__HOW TO COMPLETE THIS TASK__: In this exercise, print only the lines of the records below from the one with "Roos Gold Grey Mandala Legpuzzel" through the one with "Sandro Spódnica Z Dzianiny Z Falbanami gruen", inclusive. Pictures are not part of the copy.

[[ EXCERPTED DATA, beginning ]]

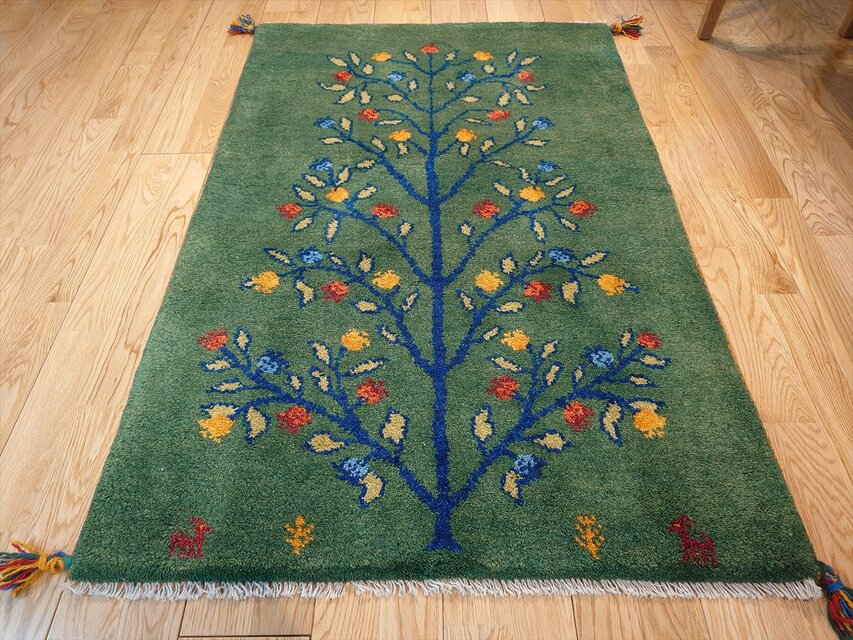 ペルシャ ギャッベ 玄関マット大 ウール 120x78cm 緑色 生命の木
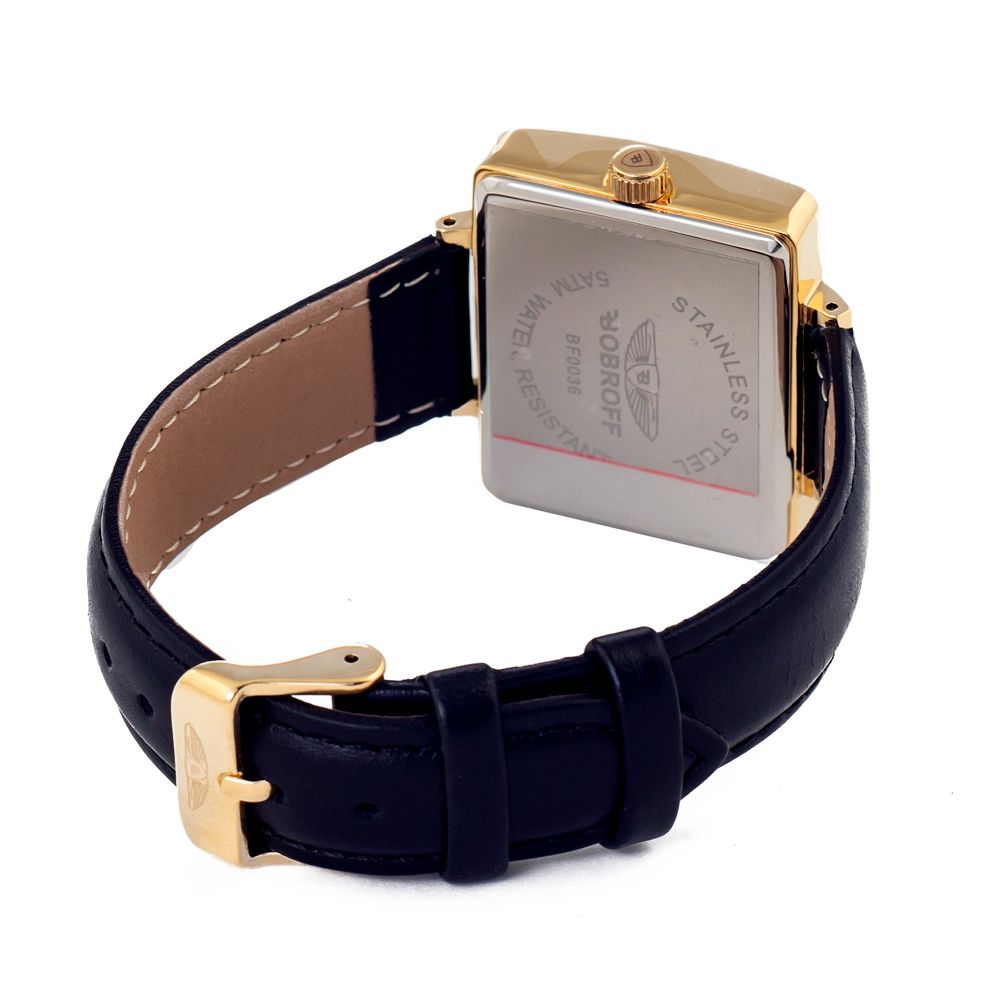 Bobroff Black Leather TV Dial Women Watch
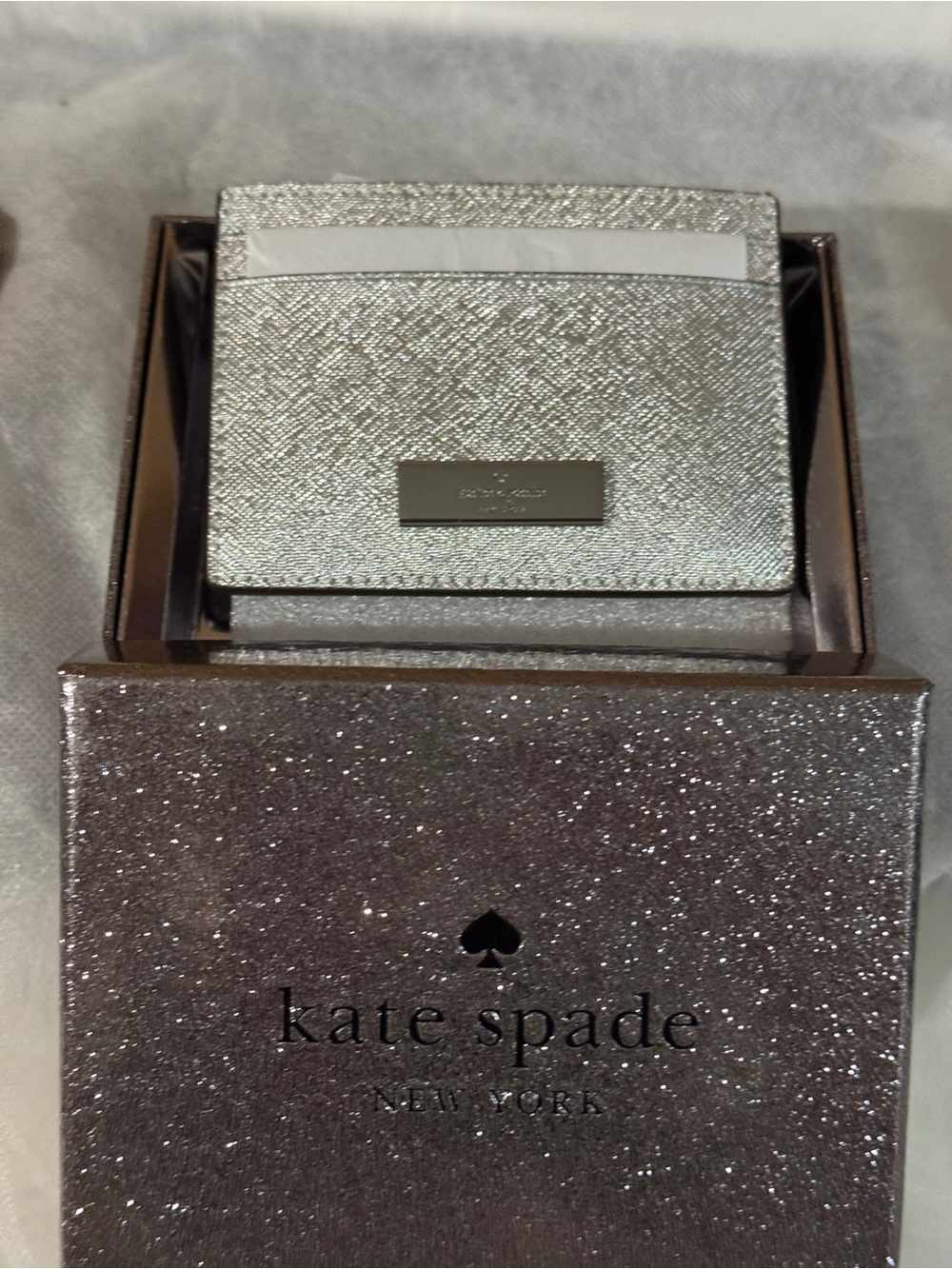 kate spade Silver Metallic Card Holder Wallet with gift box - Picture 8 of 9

[[ EXCERPTED DATA, end ]]
[[ EXCERPTED DATA, beginning ]]

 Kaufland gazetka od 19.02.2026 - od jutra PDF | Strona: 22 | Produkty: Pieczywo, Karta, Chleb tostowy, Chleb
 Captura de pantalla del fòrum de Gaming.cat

[[ EXCERPTED DATA, end ]]
[[ EXCERPTED DATA, beginning ]]

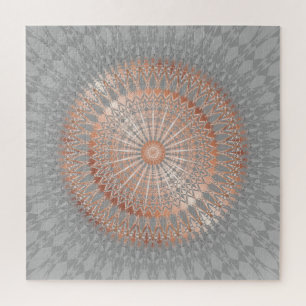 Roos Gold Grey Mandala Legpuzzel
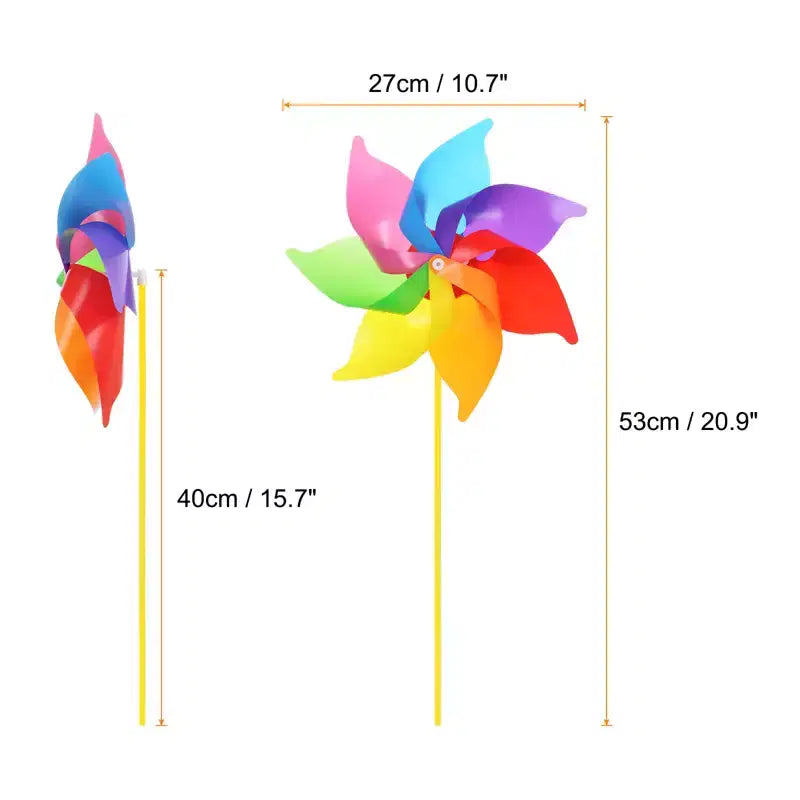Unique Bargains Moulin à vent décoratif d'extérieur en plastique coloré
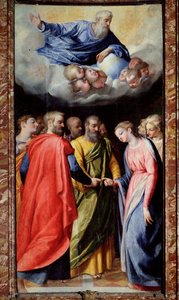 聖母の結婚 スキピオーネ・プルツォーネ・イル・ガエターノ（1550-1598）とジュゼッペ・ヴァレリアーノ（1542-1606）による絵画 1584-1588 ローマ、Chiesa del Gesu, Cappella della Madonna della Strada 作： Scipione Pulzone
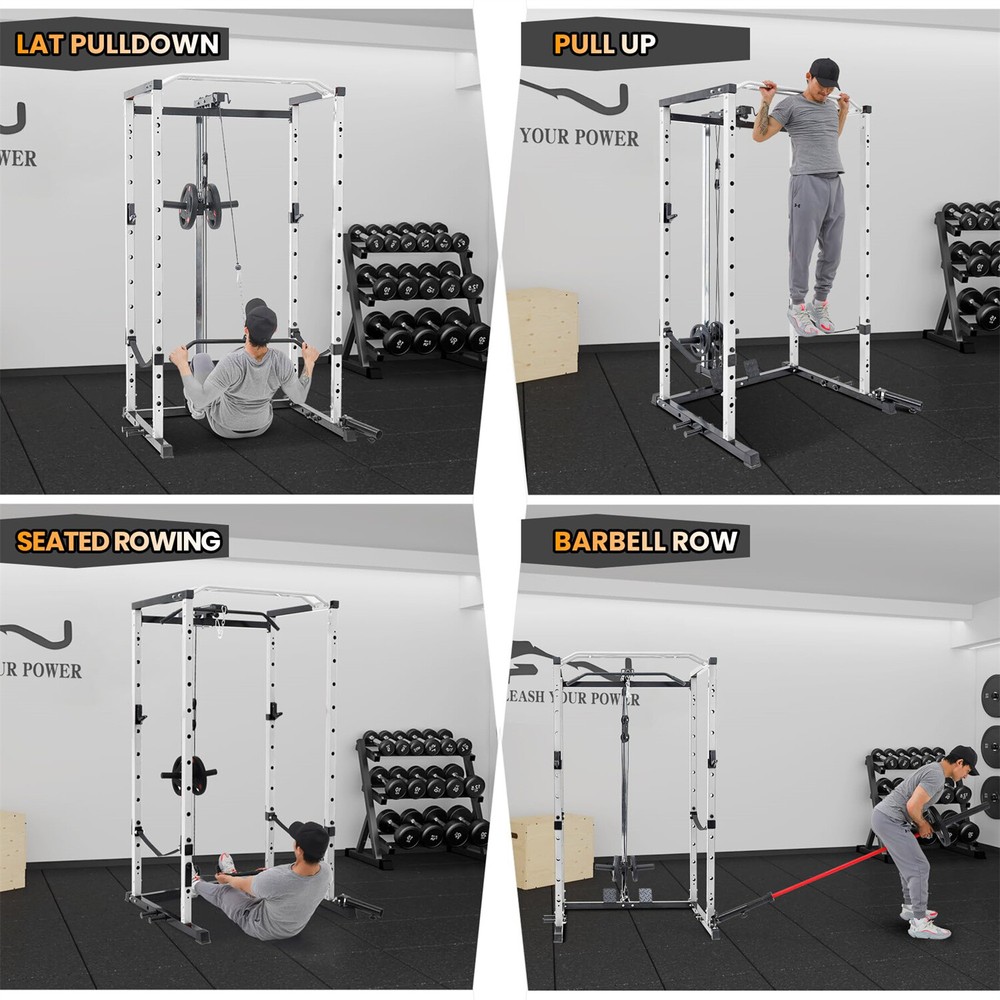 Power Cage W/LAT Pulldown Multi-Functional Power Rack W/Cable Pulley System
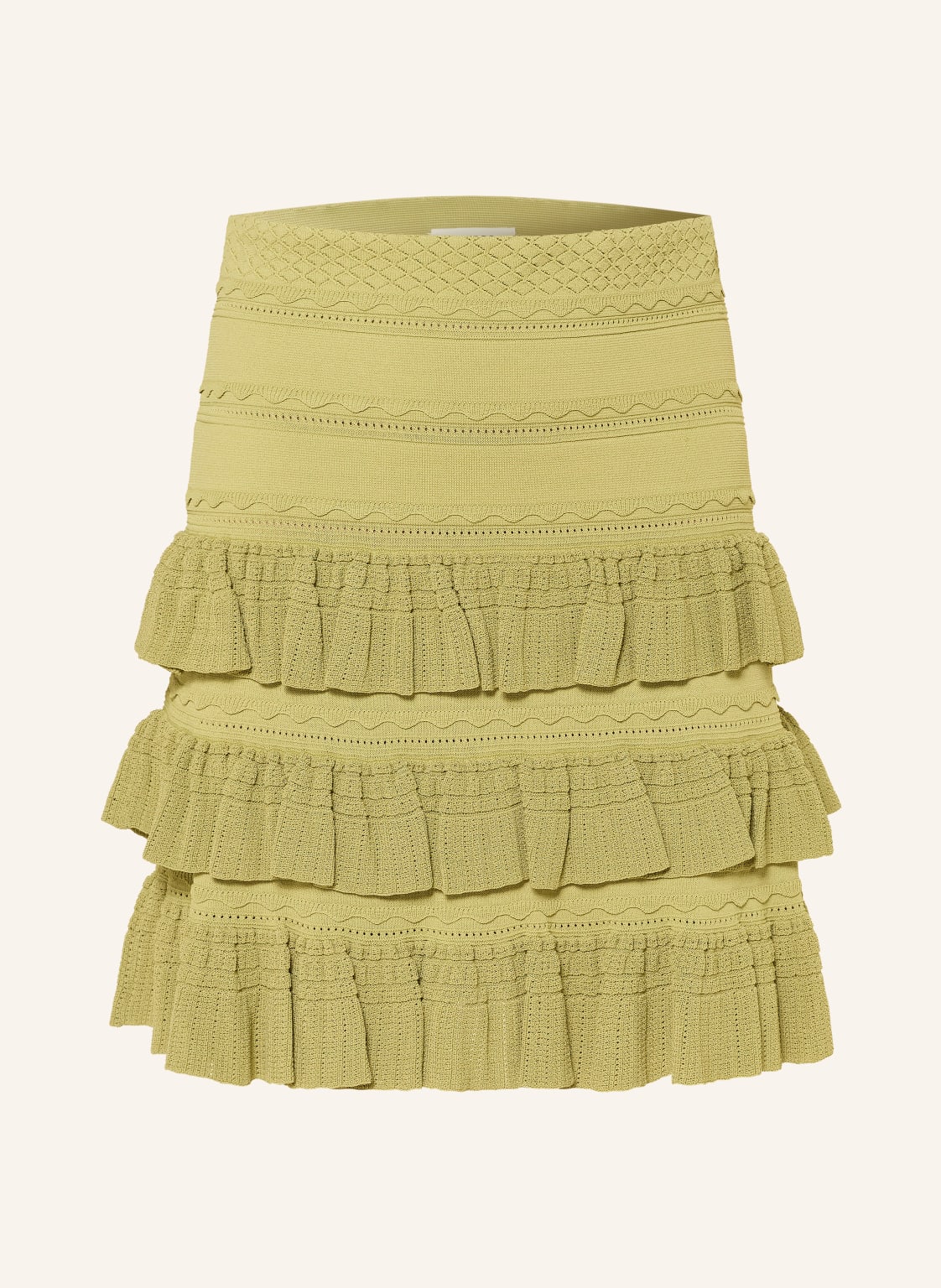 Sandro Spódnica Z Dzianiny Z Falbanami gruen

[[ EXCERPTED DATA, end ]]

__SOLUTION TO THIS EXERCISE__:
 Roos Gold Grey Mandala Legpuzzel
Unique Bargains Moulin à vent décoratif d'extérieur en plastique coloré
 聖母の結婚 スキピオーネ・プルツォーネ・イル・ガエターノ（1550-1598）とジュゼッペ・ヴァレリアーノ（1542-1606）による絵画 1584-1588 ローマ、Chiesa del Gesu, Cappella della Madonna della Strada 作： Scipione Pulzone
 Power Cage W/LAT Pulldown Multi-Functional Power Rack W/Cable Pulley System
 Sandro Spódnica Z Dzianiny Z Falbanami gruen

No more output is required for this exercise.